Today, OSMM supports education for children as young as 6 up to the age of 17. Its "second chance" programme allows children who were in child labour to return to schooling or training. The scouts make sure that they’re ready to re-enter the job market after they turn 18. "Children are in dire need of care, tenderness, education, and a place to tell their stories," Tabyaoui said.

“At the same time, we must cooperate with them to understand what they need when it comes to entertainment, activities, and educational, psychological, and social support.”

With the help of civil society organizations and local government representatives, OSMM also promotes Law 19-12 through sensitization and awareness raising activities for workers, families, and individuals.
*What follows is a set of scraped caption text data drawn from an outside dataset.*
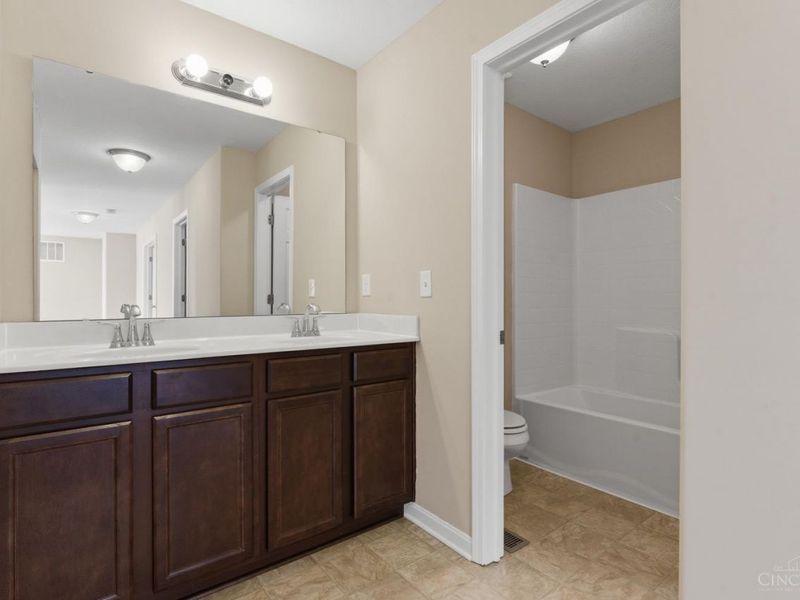 5039 Mary Louise Court, Morrow, OH 45152 Photo 33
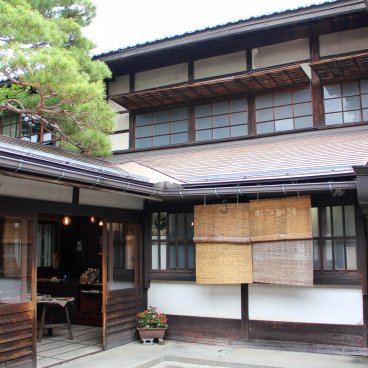 Kusakabe Mingeikan (Takayama), cour d'accueil intérieure de la propriété 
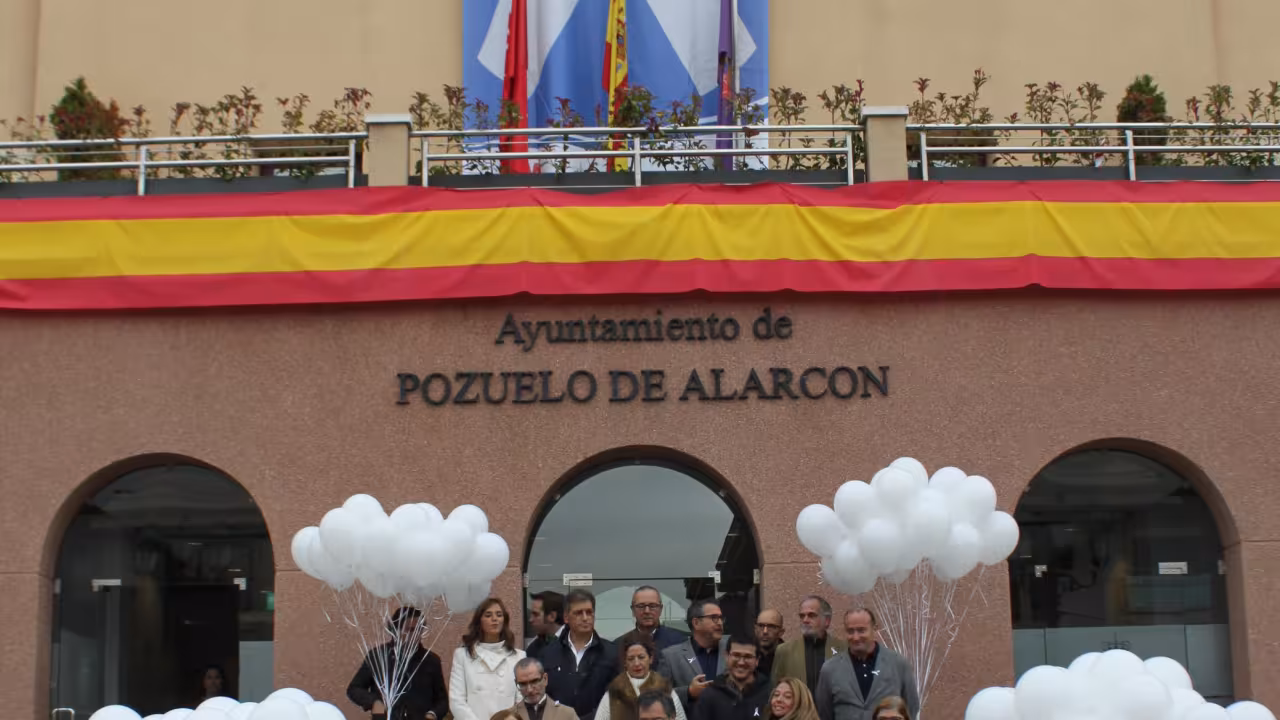 Pozuelo de Alarcón guarda un minuto de silencio en señal de rechazo a la violencia de género
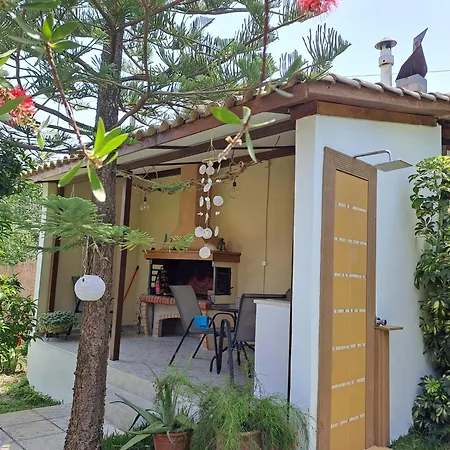 Lia's Cozy House Vakantiehuis Apolpaina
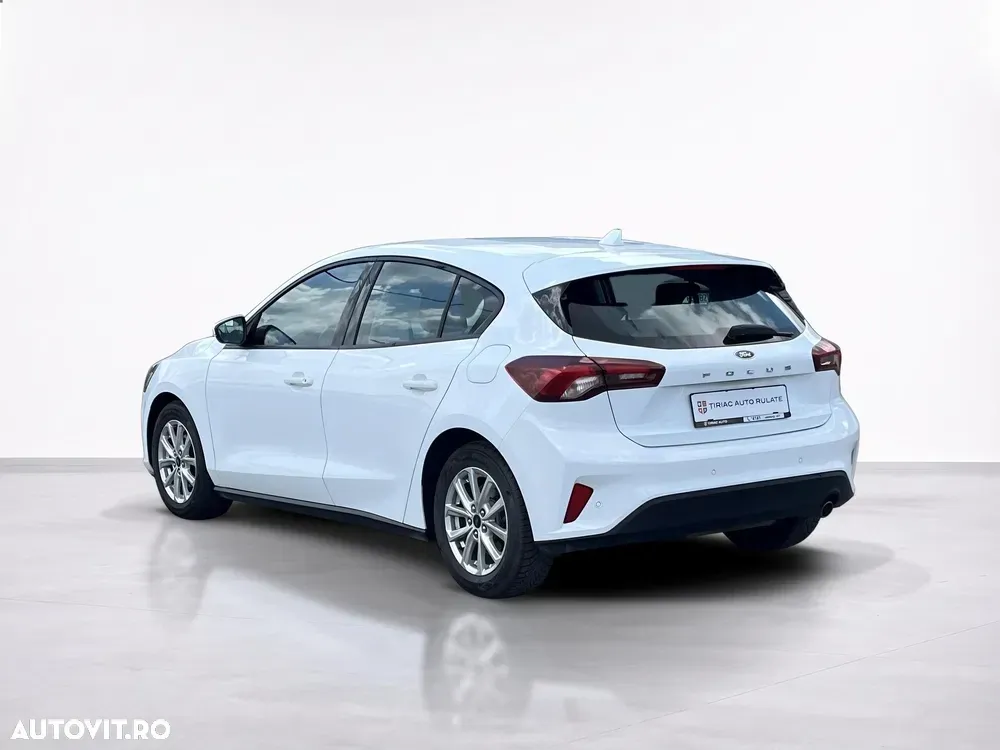 Ford Focus MK4 — imagine 4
“I love my professional work,” Tabyaoui said. “I have found comfort in this organization, I have found the future. I have found, in OSMM, everything that contributes to the development of youth in Morocco.”

Did Covid-19 affect child labour in Morocco?

Just as Law 19-12 came into effect and as child labour in domestic work was declining, the global pandemic hit Morocco. The government enforced a nationwide lockdown, shutting schools and causing vulnerable children to drop out indefinitely. Suddenly, kids needed online tools to keep learning.

Girls, in particular, were at risk of returning to child labour in the homes of their former employers, due to the general economic downturn.

That’s why the MAP 16 project actively reached out to local communities and the families of at-risk children within the project’s target areas, aiming to ensure their safety, protection, and continued education.

Working closely with partners, the MAP 16 project pivoted its strategies to include the use of remote and online tools. Soon, its programming included raising awareness about COVID-19, as well as distance learning and training support for hundreds of children.

Specifically, OSMM supported distance learning by ensuring that its beneficiaries had access to online learning tools. It then made all of its programming available online, including art contests and online gaming for children.

Further, OSMM took steps to stay in touch with beneficiaries, communicating with children and their families through phone calls and video chats on a daily basis. The NGO added new activities to its programming, including awareness raising around symptoms, treatment, and prevention of COVID-19, the distribution of hygiene products and protective masks.

These modifications meant that the approach and implementation of the project took on a new form, but the objectives and results remained the same.

What happened to Ghizlan?

“One of the most uplifting stories is that of a girl who was working for a wealthy family,” Tabyaoui said. “She is one of many others who have completed vocational training or are integrated back into school.”

Today, Ghizlan is in high school. She received educational support from OSMM, which covered her tuition fees and provided a safe space to study and learn. She passed the certification exam and earned a diploma in textile dyeing and decoration.

Ghizlan with her friends in the library of the Training and Integration Center for Youth.
Ghizlan with her friends in the library of the Training and Integration Center for Youth.

“I feel so much better. I’m living like any girl my age. OSMM gave me the ability to dream again, so I could achieve my goals.”

During her time as a “petite-bonne”, Ghizlan’s desire to help her family through the difficult times kept her going. Now, finally, she is looking toward her own bright future.

That bright future is one made possible with help from stakeholders including the ILO, USDOL, and NGOs like OSMM.

“My wish is that we find children at school, not in the labour market,” said Tabyaoui. “I want to see them in training centres, with diplomas, growing up and creating their own small businesses. Everyone deserves to live a decent life, and no child deserves to be in child labour.”

Ghizlan is studying with her friend in her house.
Ghizlan is studying with her friend in her house.